Hi Salino, thanks for replying, I need around 22mtrs of hedge and to be honest I don't need anything higher than 2mtrs, I just want privacy in the garden. I like the idea of thorny!! I want quite a dense hedge, so I guess I will needs lots of hedge and lots of money... something not too expensive would be nice though! I like the look of Lonicera, but I'd be tempted by something thorny

Hi Buddyboy, thank you, my worry is that I'm running it right up to the house to create a barrier all round, so I don't know how close is too close

17/07/2014 at 09:57

What about English holly?  Not as fast growing as some things, but it only needs trimming once a year, is great for wildlife, provides you with some Christmas decorations and is certainly dense and thorny.  

While it's growing you can protect it with  temporary windbreak netting like this http://premierbarriers.co.uk/catalog/knitted-windbreak-netting-metre-p-439.html which would not need any planning consent etc. 

17/07/2014 at 10:35

I like berberris for keeping things out (spikes) and for colour and interest. 

Escalonia for attracting bees and butterflies and flowers.

Beech is nice and I've got a lot of that but it's slow growing.

What you could do though is plant something fast growing first and plant something more attractive behind it.  Use the fast growing.... dare I say Leylandii ....   and then take that out later.

You don't normally need planning permission for a fence.

17/07/2014 at 10:37

Hi Chris

As long as your pruning and keeping it in check you should be ok but if you are still concerned my last house had Berberis a maroon colour with thorns and that was right up next to the house

They grow on any soil, and also has a flower

17/07/2014 at 10:39

Thanks everyone!

all of your advice is really appreciated

I will look into all of your suggestions

17/07/2014 at 11:47

..only you can decide how much you want to spend on this Chris and you've had some good options given here, but as an example for you, and it's just an example - I'm quite fond of Pyracantha 'Orange Glow' as a hedge... it's dense and thorny - a very dense barrier... one of my neighbours has this... and can be kept trimmed to the height you require... people grow these up house walls so you shouldn't need to worry about that aspect..

..for something like these, I would plant 2 foot apart, and for your measurements you would need approximately 36 plants, which would come about 1-1/2 foot high in containers...and would set you back about £100...

..this site here details what I mean... however, the other options like Lonicera, Holly, Beech...et al....all good...  Berberis is another thorny specimen... Lonicera nitida plants would appear to be the cheapest, but they are small when you get them... but I like the feel and density of that hedge too...

http://www.hedging.co.uk/acatalog/product_10278.html

17/07/2014 at 11:49

I have a Pyracatha hedge made up of red, yellow and orange berried plants, in the autumn it looks fantastic!

17/07/2014 at 11:49

..actually I wouldn't go for Beech...not next to a house...not for me that one.. and I might think twice about Holly, I'm not sure about their root systems.. others might know more...

17/07/2014 at 14:30

I'm a big fan of these Pyracanthas!
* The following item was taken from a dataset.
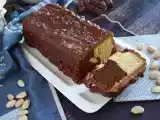 Recept Marmeren biscuit met amandelglazuur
I looked at 'orange glow' as suggested - my only question is I'm seeing different growth rates on every website - some say quick, others say slow. In your experience how quickly do these grow? One site said 50cm per year which would be fantastic

17/07/2014 at 15:26

..50cm sounds about right to me.... I wouldn't call them slow growers, but neither do they grow as if they've got a rocket up..well you know where...  you don't want anything overwhelming... think about it... take your time from the choices available, costs etc... whatever you choose...if they arrive as container grown plants,...you must keep the hedge well watered until established..that is, for the rest of summer...  I take it you've got a hose...?

17/07/2014 at 17:23
Laurel, privet both quick to establish.